HP to buy 3Com for $3.1bn
Networking equipment market heats up
HP will pay $7.90 per share for 3Com, a 39 per cent premium over its closing price. The deal values 3Com at $2.7bn excluding its net cash.
"Cisco and HP are going to compete more and more," said Jayson Noland, analyst at Robert W Baird & Co. "We're headed to a world where each of these large companies can give you everything you want."
By buying 3Com, HP will be competing with Cisco on a wider range of network equipment, including routers and switches. 3Com also has a large presence in China and can help HP expand sales into one of the world's fastest-growing markets.
HP is already a dominant force in personal computers, IT services, servers and printers, with recurring revenue streams that have helped it during the economic downturn.
3Com, for its part, has been pushing into the large enterprise market outside China with its H3C brand, trying to take on giants like Cisco.
"We wanted to create a powerhouse in the networking industry," said Marius Haas, senior vice president of HP's ProCurve networking division, adding that the 3Com deal puts HP in a good position to compete against Cisco.
When asked for comment, Cisco said: "While Cisco has a healthy respect for all of our competitors, acquisitions in our industry only validate the fact that networking is becoming the platform for all forms of communications and IT."
3Com would be HP's fourth biggest acquisition ever.
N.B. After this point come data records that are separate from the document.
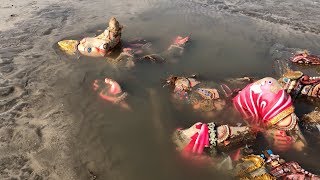 Post-visarjan scenes at Mumbai Beaches will SHOCK you! | Ganpati Visarjan 2018 screenshot 4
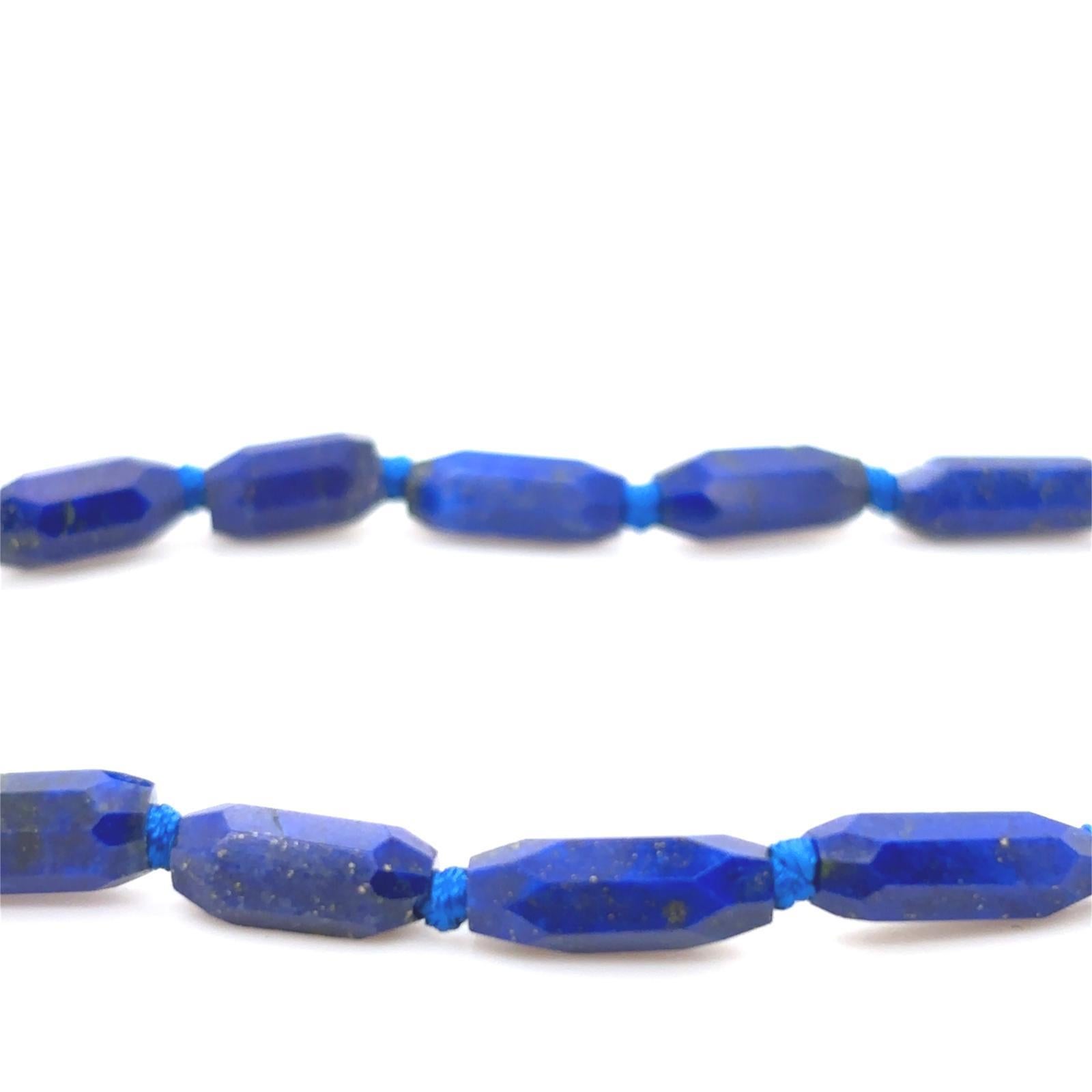 Collier de perles de lapis-lazuli avec un fermoir en or jaune 18 carats.

Les lapis-lazuli sont doublement noués pour des raisons esthétiques et de sécurité avec un fil bleu foncé qui s'harmonise parfaitement avec la couleur des perles.

Les longues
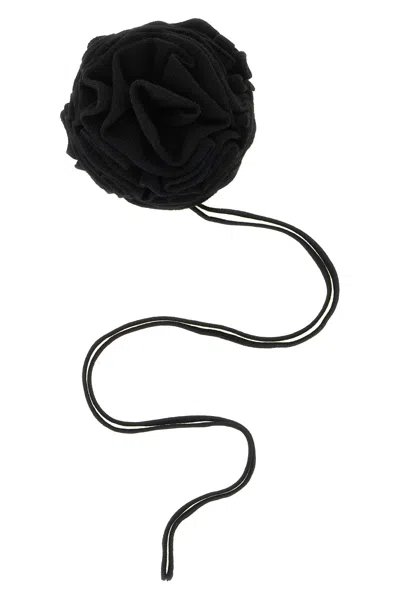 Nude Knitted Brooch With Lace In Black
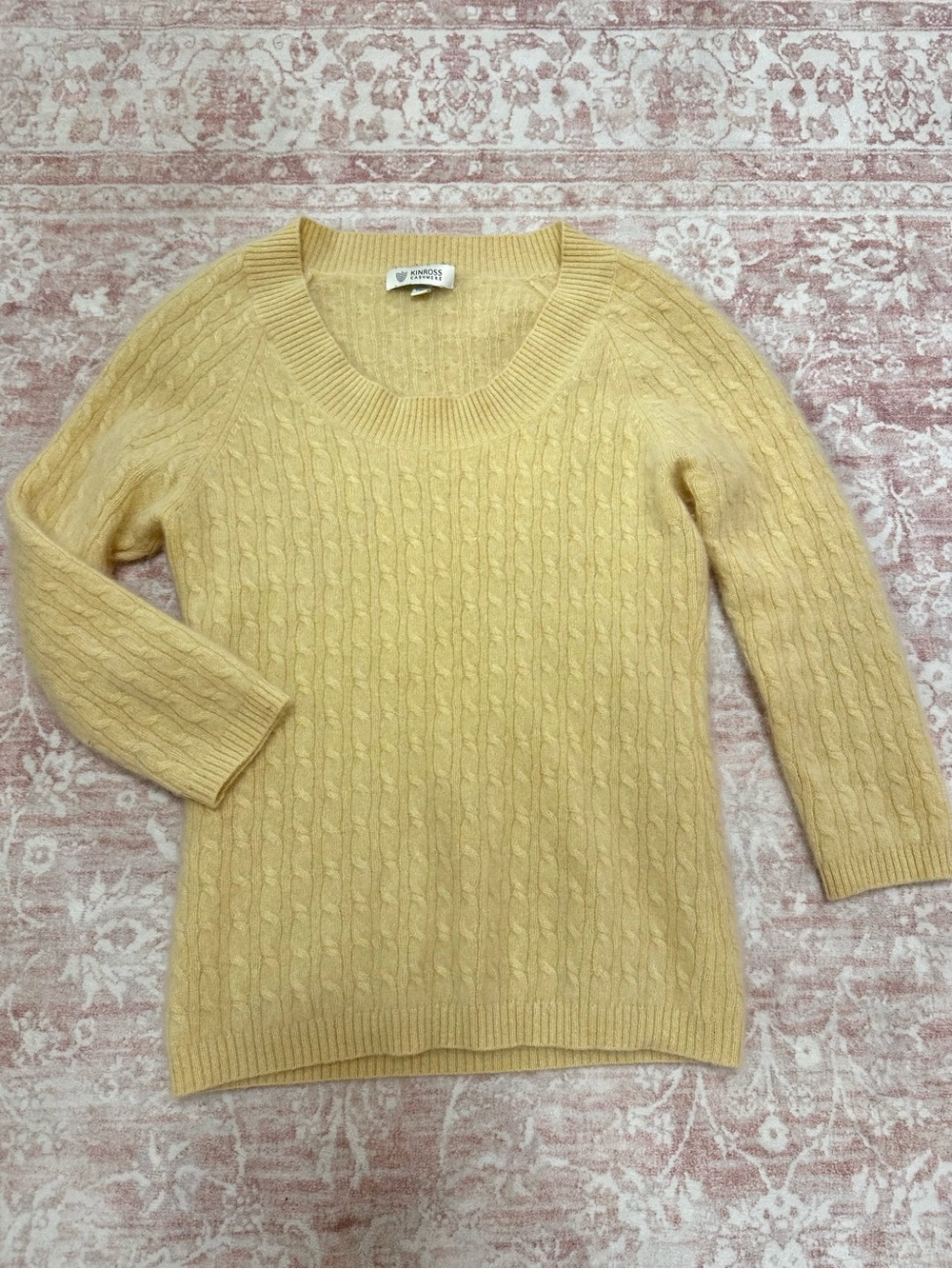 Cashmere 💛 Kinross Cable Knit 3/4 Sleeve Sweater - Picture 4 of 10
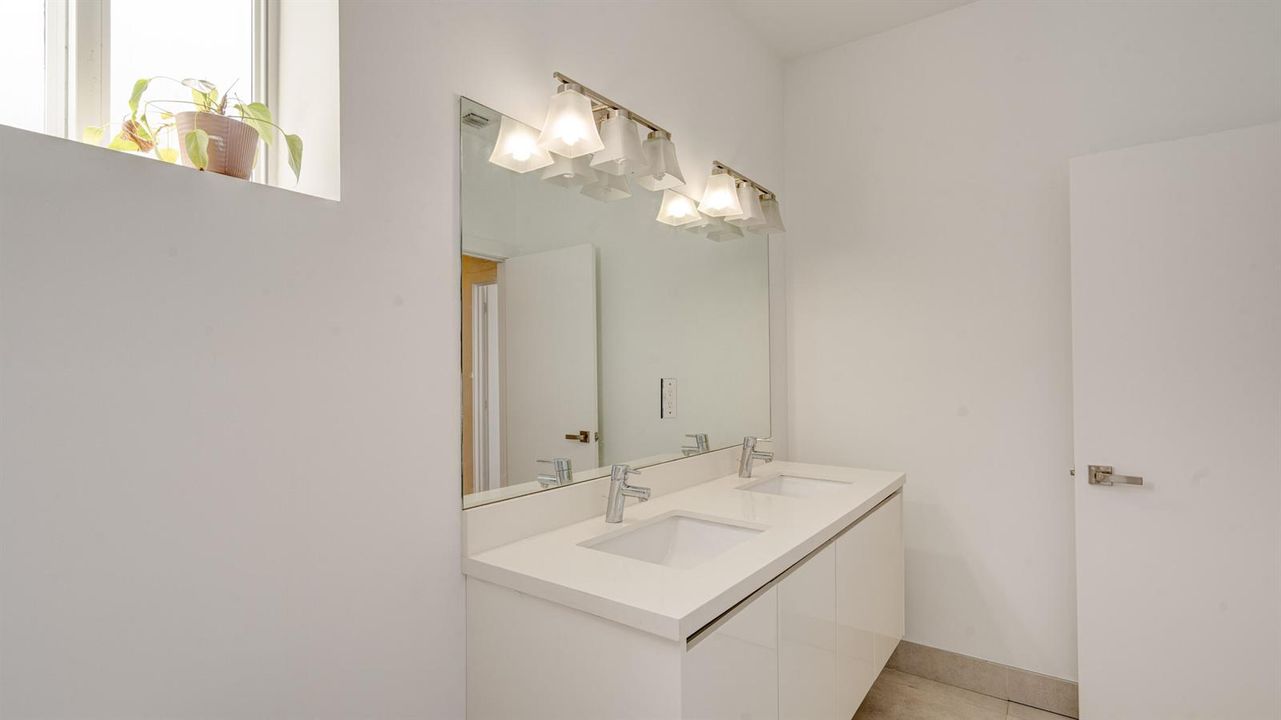 10241_NW_72nd_Ter-65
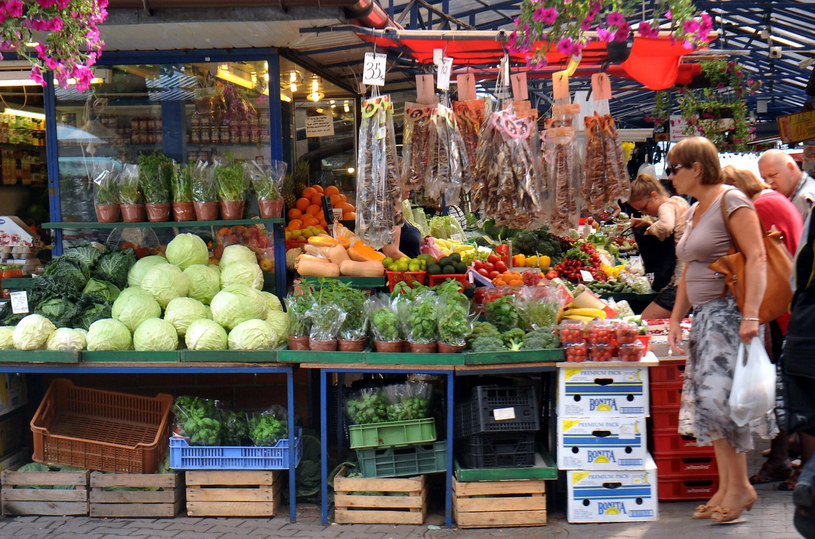 Wpływ na hamującą inflację w sierpniu miały spadki cen żywności w Polsce / MAREK LASYK/REPORTER  /East News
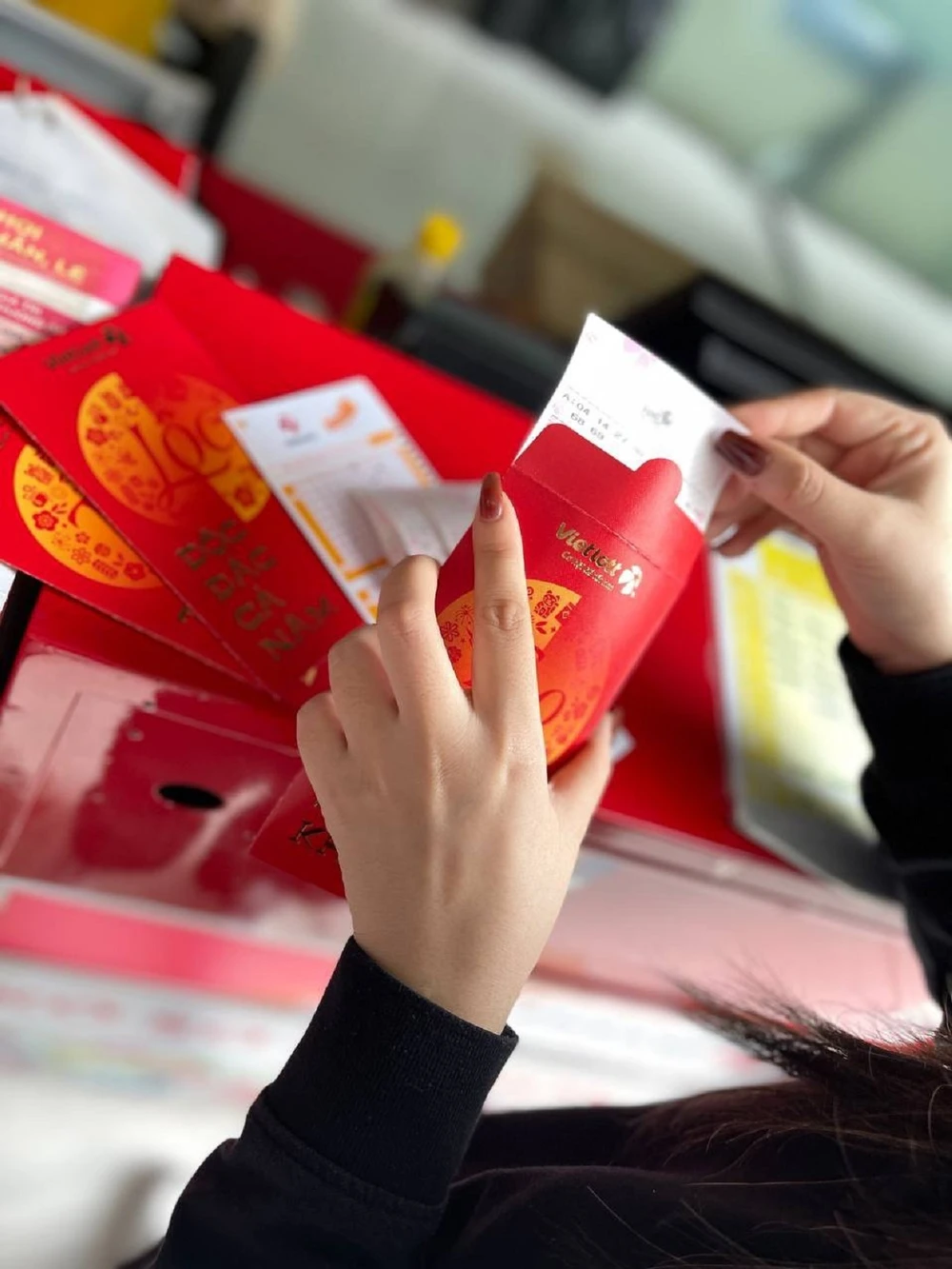 Lì xì bằng vé số Vietlott để mang đến tài lộc cho người nhận Lì xì bằng vé số Vietlott để mang đến tài lộc cho người nhận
The Marlborough, Massachusetts-based 3Com has 5,800 employees and posted revenue for the 2009 financial year of $1.3bn, more than half of which came from China.
Dave Donatelli, general manager of enterprise servers and networking at HP, said the company scoured the networking industry for potential targets before settling on 3Com.
"I think very clearly here we bought this to grow, and there's no two ways about that," he said on a conference call.
The terms of the 3Com deal were approved by the boards of both companies, but needs shareholder approval. The deal is expected to close in the first half of 2010.